So we don't open our pitches with the word. We don't even put it on the proposal sometimes.
Our discovery calls are about the unglamorous stuff. Where do orders fall through? Which task does your team avoid all week? What's the part of your job that wears you out? If a conversation produces an honest answer to one of those questions, that's the project. AI is a tool we might use to deliver it. It's not the headline.
Inside the work, we use it carefully. A triage agent that summarises and routes inbound enquiries. A reminder system that drafts polite, on-brand follow-ups for receivables. A small forecast model that pulls from the client's actual data, not a brochure-grade prediction. Every one of these does its job in the background. None of them ask the user to "embrace AI."

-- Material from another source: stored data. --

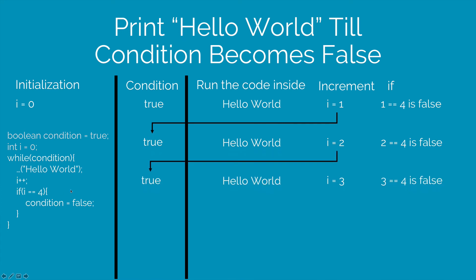So once again the while loop runs, printing hello world making i as 3 and then checks 3 == 4. Now this is also false.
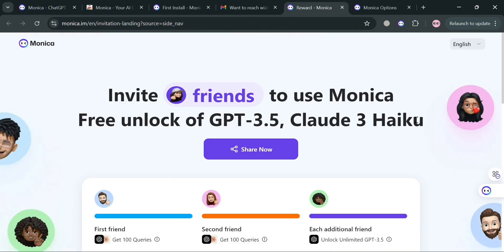Basically, Monica AI aims to streamline tasks and improve efficiency for both personal and professional use, making it a versatile tool in the AI landscape. But overall, that is just basically how you can use Monica AI. Thank you.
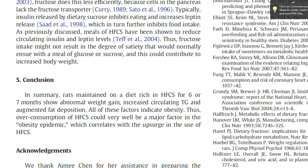Section 5, Conclusion. In summary, rats maintained on a diet rich in HFCS for 6 or 7 months show abnormal weight gain, increased circulating triglycerides, and augmented fat deposition — all of these factors indicate obesity. Thus, overconsumption of HFCS could very well be a major factor in the obesity epidemic, which correlates with the upsurge in the use of HFCS. Thanks for watching.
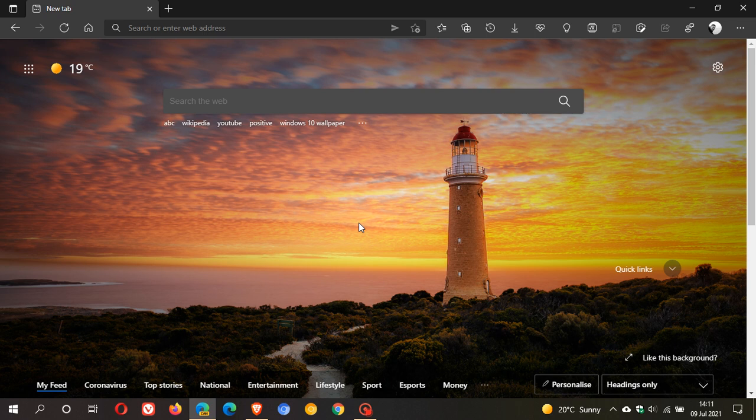In the Microsoft Edge Canary web browser at the moment, it seems that Microsoft is getting future versions of the Edge browser ready to take on the look and feel and the user interface elements of Windows 11.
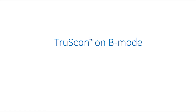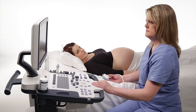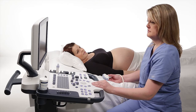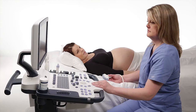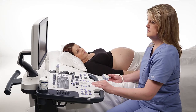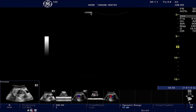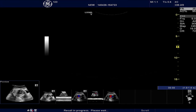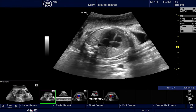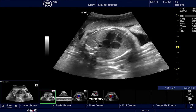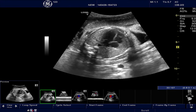TrueScan on B-Mode: We'll begin with recalling a B-Mode raw data image. Let me use this image of a Fetal Heart 4 Chamber View to show how you can apply various post-processing tools to your image.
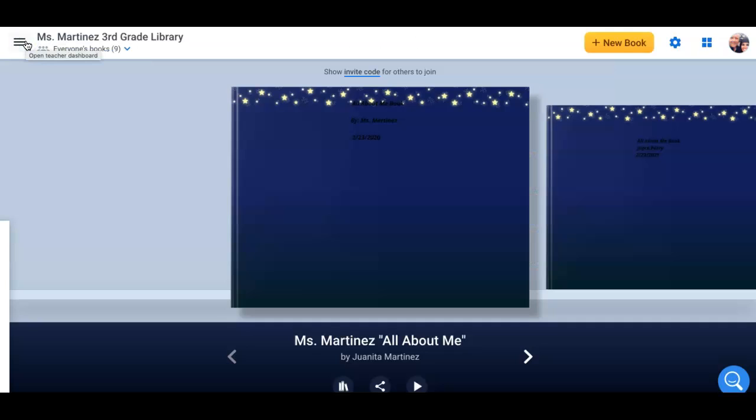So again, make sure you go in. Do not change anyone else's book. Make sure you go in, go down here to the book options and make a copy and put your name on it. And we'll spend some more time on Thursday writing in our book. Have fun.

The result is, ironically, that the businesses we work with start trusting AI more than the ones who got it pitched to them at a conference. Because it does the boring work without bragging about it. Because it doesn't break and embarrass them. Because the first time they realise the system helped, it's usually because their inbox is empty at 8 PM.
This is, we think, how AI earns its place in real businesses outside the tech bubble. Quietly. Surgically. With humility about what it can and can't do. With evals, fallbacks, and a human in the loop wherever the stakes are real.
Sarawak's healthy scepticism isn't a problem we have to overcome. It's a quality we respect, and it has shaped a better way to ship. The bar is high. We're glad it's high.